You have the gift of knowing your life will be different in 4 years. For that, I envy you, but I also empathize with your struggle. If I can give advice, imagine and decide how you want your life to be in 4 years, in 10 years, in 20 years, whether that is with or without children of your own. Will you want travel, adventure, freedom, or that dream forever house in the place you've always wanted to live? Once you have a vision of that life that speaks to you, take whatever steps NOW needed to have those things in place for the future. If you are still unsure about kids, get your AMH and FSH levels tested to get a sense of how much time you might have left to be undecided. I wish you well.
I have been lurking and not posting because I am no longer childless, but I wanted to comment on this post because I experienced the same thing during my first marriage. At the time I felt like a pariah. When I read this post I felt validated and relieved that my feelings at the time weren’t unusual.

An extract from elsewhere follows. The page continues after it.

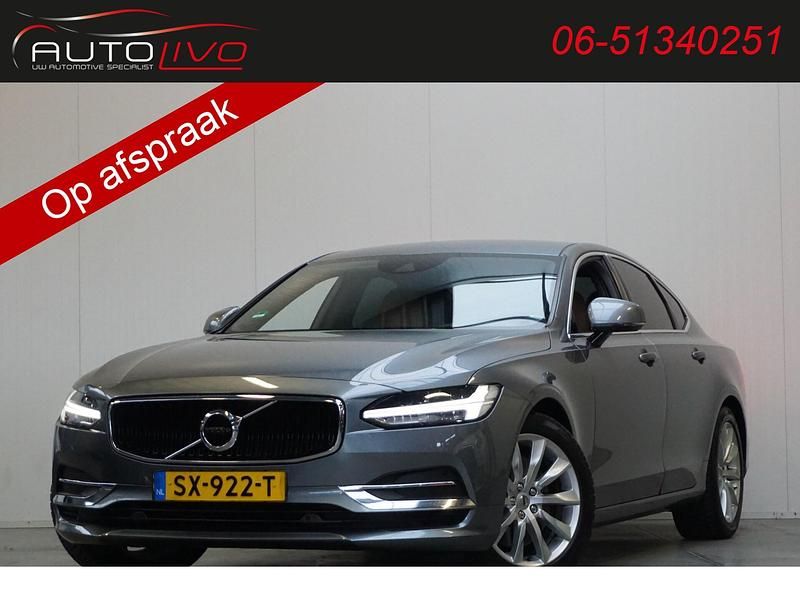 Grijs Gebruikt 2018 Volvo S90 Momentum Sedan | € 25.995 (Eerlijke prijs) - Afbeelding 1/4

I was only twenty years old and a newlywed facing my ex’s first deployment. He would be away from October through January, so I was going to be alone for the entire holiday season. Both sets of families lived out of state, and for financial and personal reasons traveling to visit was out of the question.
We were not trying to conceive, and neither of us had any fertility problems. We hadn’t really discussed having kids because we were so young, although I felt like I wanted some in the future. He was lower-ranking enlisted and I was unemployed so we definitely weren’t well-off, but in the military it is common to have kids in that situation. Basically the picture was that I didn’t have baby-fever and my husband would probably have had kids with me had I wanted them at the time, so I can understand how someone who really wants them and can’t would feel even worse than I was made to feel.
Well, there was a spouse deployment support meeting that was held right before the deployment. I went to it, hoping to meet some of the wives and possibly make some friends, since I was only going to have my dog with me during the holidays. Needless to say, it was all about the kids and the mommies. One of the wives was the organizer/facilitator in the front of the room, and at one point I raised my hand and asked a question or made a comment (I can’t remember exactly what it was, since it was over twenty years ago). She immediately asked how many kids I had. When I replied “none,” she replied that I didn’t need help and didn’t need to be there, or something to that effect; it has been a long time so I can’t remember her exact words but I remember feeling taken aback at her rudeness in front of a hundred people and also like an outcast. I was a spouse too, and was invited to attend an event that purported to give emotional support to spouses during a difficult time and got the exact opposite. I never went to another function again.
That whole situation with being alone on Christmas with just my dog actually gave me a sense of urgency to have kids that hadn’t been there before. It is not a pleasant feeling.
Wow, that woman was rude. Thank you for sharing this.